- _ASSIGNED TASK_: Every line from the line containing "Hua Tan Night Market" through the final line below must be returned exactly, and no other line.

[[ SUPPLIED MATERIAL open ]]

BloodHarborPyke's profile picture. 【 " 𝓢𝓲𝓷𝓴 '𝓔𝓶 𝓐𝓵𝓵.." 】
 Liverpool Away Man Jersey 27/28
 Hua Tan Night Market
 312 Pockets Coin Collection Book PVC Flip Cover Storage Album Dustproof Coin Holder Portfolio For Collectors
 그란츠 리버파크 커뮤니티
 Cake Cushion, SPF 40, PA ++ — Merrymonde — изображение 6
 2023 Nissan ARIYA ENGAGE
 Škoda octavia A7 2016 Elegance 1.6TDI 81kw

[[ SUPPLIED MATERIAL closed ]]

- _SOLUTION FOR THIS TASK_:
 Hua Tan Night Market
 312 Pockets Coin Collection Book PVC Flip Cover Storage Album Dustproof Coin Holder Portfolio For Collectors
 그란츠 리버파크 커뮤니티
 Cake Cushion, SPF 40, PA ++ — Merrymonde — изображение 6
 2023 Nissan ARIYA ENGAGE
 Škoda octavia A7 2016 Elegance 1.6TDI 81kw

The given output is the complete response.